Dorami, Doraemon's sister, discovers the statues of the future Doraemon and Nobita inside the pocket of the past Doraemon, and uses the Time Cape to bring them back to their normal forms. Doraemon and Nobita plan to use Dorami's Phone Booth to return to the real world. A fake ending plays, but then Nobita realises that the world will still be threatened even when they go back to normal. They decide to head back and slay the Demon King.

They arrive on the Demon Planet again and rescue everyone, including Professor Mangetsu. They then head to the moon, where Medusa is trying to destroy the moon's power. As long as Medusa looks at Miyoko, she becomes dizzy and cannot control her body and stabs her sword into the Moon. The Demon King, enraged by the actions of Doraemon's group, brings his whole army to invade Earth at once.

On the moon, Doraemon's group fails to stop Medusa from destroying the moon's power that protects the Earth, which destroys the demonic form of Medusa, revealing that she is Miyoko's mother. Miyoko's mother tells that her soul has been taken away when she dealt with the Demon King and reveals that there is a red moon on the Demon Planet, which is the Demon King's heart, explaining why they failed to kill him earlier. She then disappears, while Miyoko and her father mourn.

The group, on the flying carpet, then race to destroy the heart of the Demon King. It is nearly impossible at first as the army heavily outnumbers and surrounds them. Doraemon suddenly comes up with an idea and uses the Anywhere Door to go near the Demon king's heart. Nobita shoots an arrow that has been enlarged by the Enlarging Light, and they destroy the heart, along with the Demon Planet and its army.

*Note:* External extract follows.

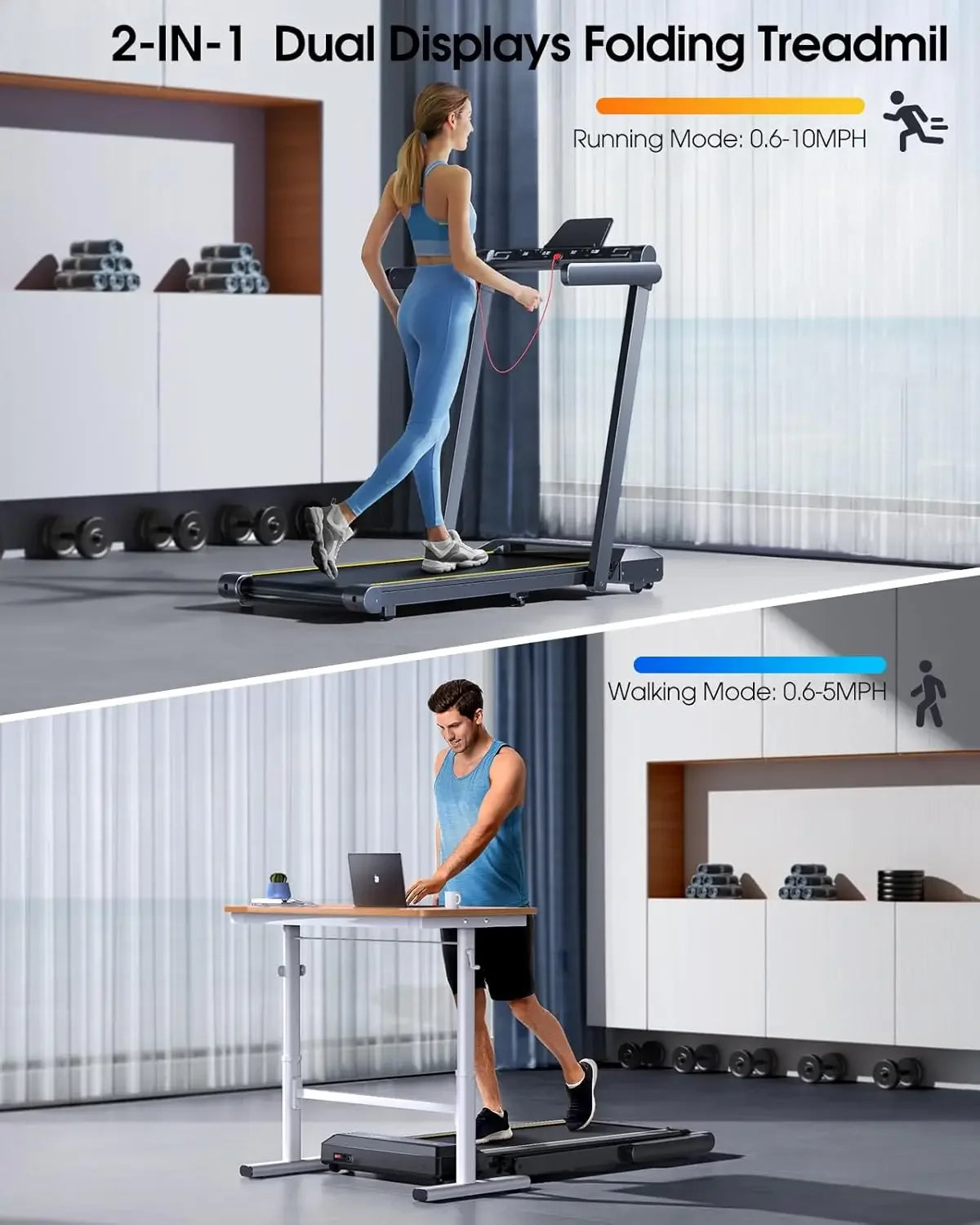 Walking Pad Treadmill with 12% Incline, 4 in 1 Folding Treadmill for Home/Office with Handle Bar, 2.5HP Under Desk Treadmills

During the credits, they return to Earth and rebuild Miyoko's home, with her bidding Nobita farewell. In the real world, Miyoko, her father and the space center are relieved to see that the black hole vanished before reaching Earth. Nobita goes back to the real world, forgetting everything and believing it to be a dream. After the credits, Nobita tries to cast a spell, but he surprisingly gets the same result as in the Magic World, but attributes it to the wind, while the broom they used to escape Medusa still sits on the tree.

== Cast ==

| Character | Japanese Voice Actor |
| Doraemon | Wasabi Mizuta |
| Nobita Nobi | Megumi Ohara |
| Shizuka Minamoto | Yumi Kakazu |
| Takeshi "Gian" Gōda | Subaru Kimura |
| Suneo Honekawa | Tomokazu Seki |
| Dorami | Chiaki |
| Hidetoshi Dekisugi | Shihoko Hagino |
| Nobisuke Nobi | Yasunori Matsumoto |
| Tamako Nobi | Kotono Mitsuishi |
| Sewashi | Sachi Matsumoto |
| Teacher Sensei | Wataru Takagi |
| Miyoko Mangetsu | Saki Aibu |
| Professor Mangetsu | Junichi Koumoto |
| Miyoko's mother | Masami Hisamoto |
Medusa
| Demon Evil King | Banjō Ginga |
| Devil Monkey | Tyas Mirasih |

== Nintendo DS Game ==
Doraemon: Nobita no Shin Makai Daibouken DS (ドラえもん のび太の新魔界大冒険 DS) is the card battle game for the Nintendo DS system. It has a Nintendo Wi-Fi Connection feature so that players can battle each other online.